Gefährlicher Dammbruch
Sind wir einen Schritt näher am Designerbaby? Britische Forscher dürfen künftig gezielt das Erbgut menschlicher Embryonen verändern. Eine gefährliche Entwicklung, meint Philipp Gessler. Ist das Tor erst einmal offen, wird man es kaum wieder schließen können.
"Der Weg zur Hölle ist mit guten Vorsätzen gepflastert." So steht es in Dantes "Göttlicher Komödie" – und vielleicht muss man es nicht so pathetisch sagen, aber im Kern stimmt es: Gerade in der Forschung macht die gute Absicht nicht das ethisch gute Ergebnis.
Das Medikament Contergan sollte doch nur die Menschen zuverlässig beruhigen – und hatte verheerende Folgen für die Kinder von Frauen, die das Mittel während ihrer Schwangerschaft genommen haben. Chemische Dünger in der Landwirtschaft galten in den ersten Jahrzehnten ihrer Nutzung als Allheilmittel gegen den Hunger in der Welt – bis man herausfand, welche gravierenden schädlichen Nebenwirkungen für Mensch und Natur sie haben können. Die Kernkraft schien den weltweiten Energiebedarf für Generationen sicher, sauber und zuverlässig befriedigen zu können – bis der Reaktor in Tschernobyl in die Luft ging. 30 Jahre ist das nun her, und die Atomenergie ist, siehe Fukushima, immer noch so gefährlich wie eh und je, der Atommüll strahlt weiter noch Jahrtausende lang.
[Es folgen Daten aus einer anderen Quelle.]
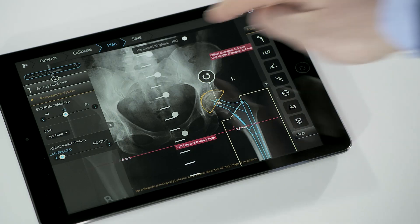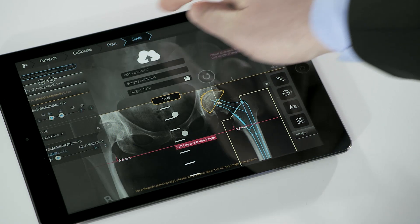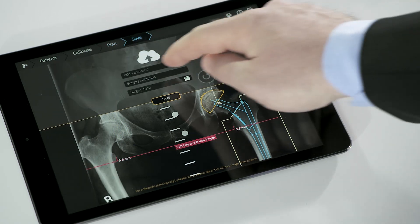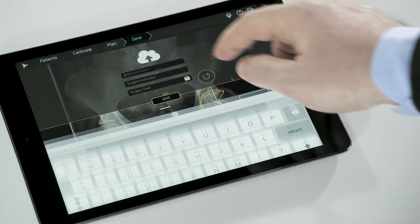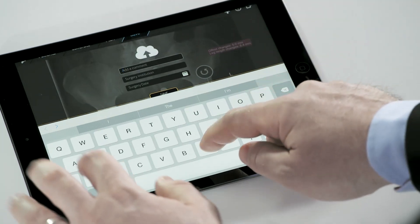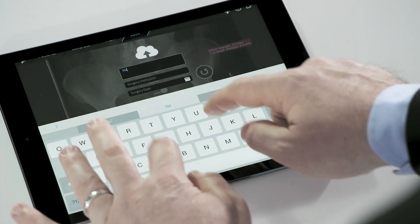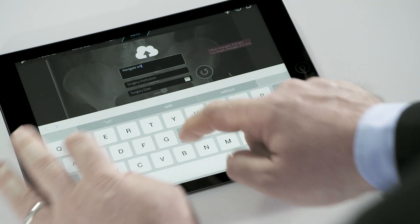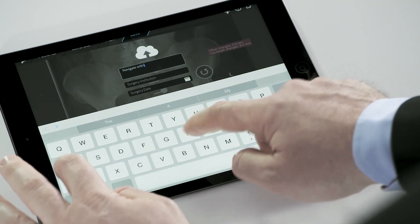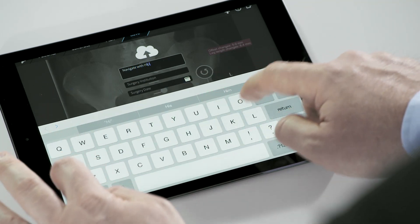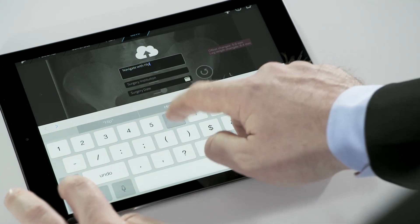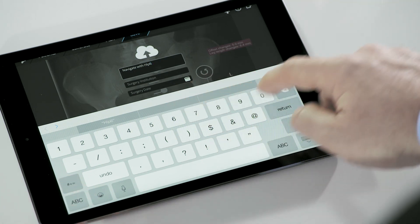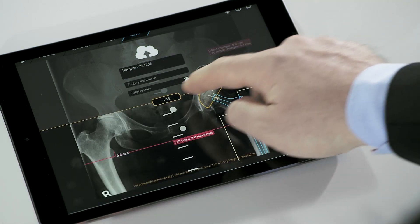Once the planning is complete, it is saved with the save tab. Additional notes can be added including comments, surgery hospital, and surgery date, and saved back to the PACS or to QUENTRY, where the information can be shared securely with colleagues or business partners.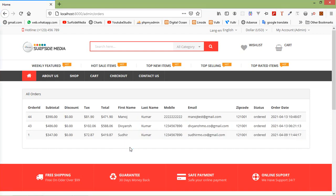So in this way you can show orders in the admin section. In the next video, we will see how to show order items, billing, shipping, and transaction details for each order. That's all about showing orders in the admin panel. Thanks for watching, and if you have any questions you can ask in the comment box. Don't forget to subscribe to my channel.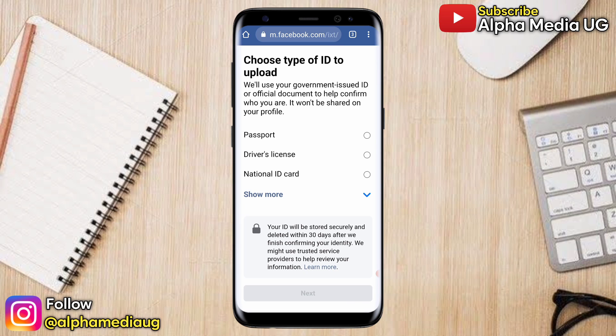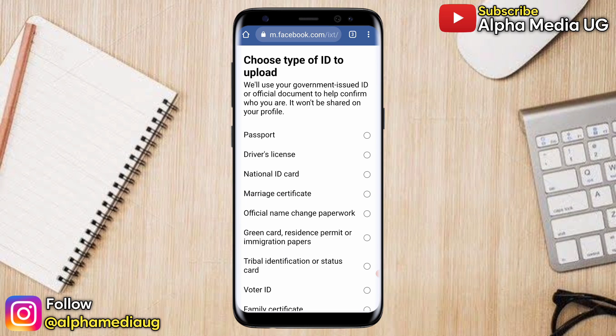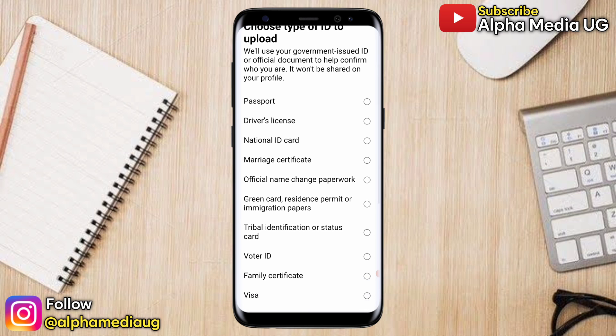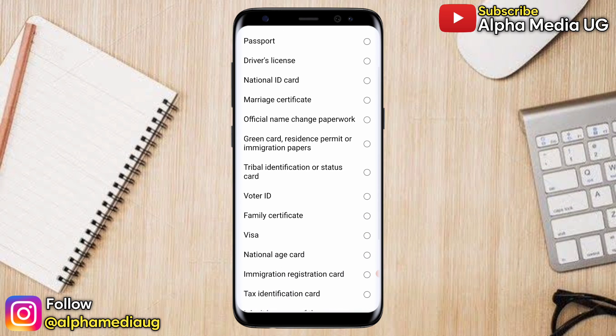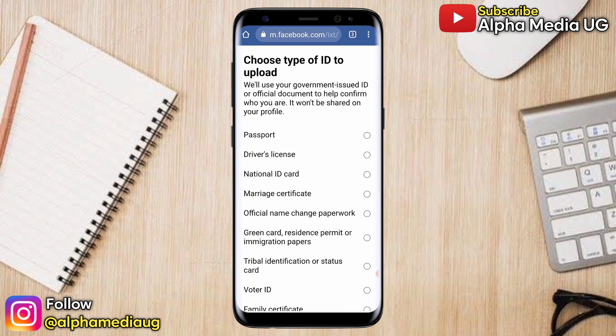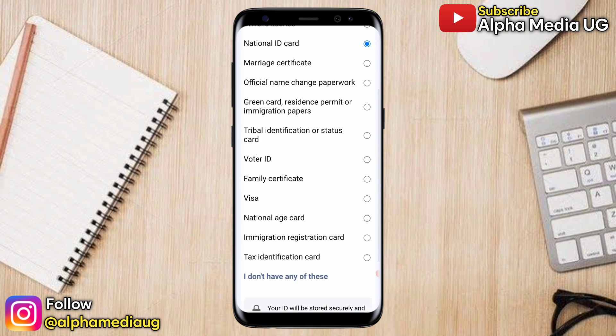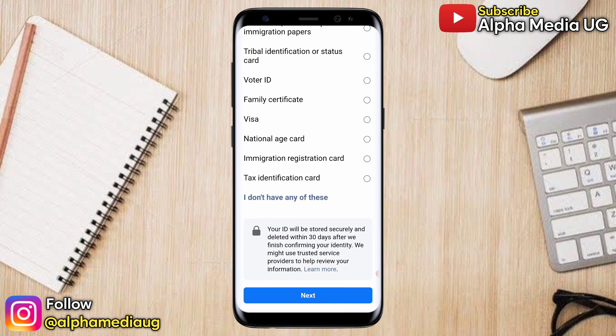All the listed acceptable ID types are shown. For this example, I'm going to choose national ID card because that's what I have. Then click next.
Trotz aller Forschung, trotz aller guten Absichten.
Nun hat die zuständige Behörde für menschliche Befruchtung und Embryologie Londoner Forschern die Erlaubnis gegeben, künftig gezielt das Erbgut menschlicher Embryonen zu verändern. Das ist ein Dammbruch, denn aus guten Gründen ist das aktive Verändern der menschlichen DNA in vielen Ländern verboten, nicht zuletzt in Deutschland. Denn die Gefahr besteht, dass unverfrorene Wissenschaftlerinnen und Wissenschaftler nun irgendwo auf der Welt mit Verweis auf diese Forschung im Vereinigten Königreich künftig der Versuchung nicht widerstehen werden, sogenannte Designerbabys genetisch zu basteln. Das Tabu der Forschung an menschlichen Embryonen ist am Bröckeln – es ist eine verheerende Entwicklung.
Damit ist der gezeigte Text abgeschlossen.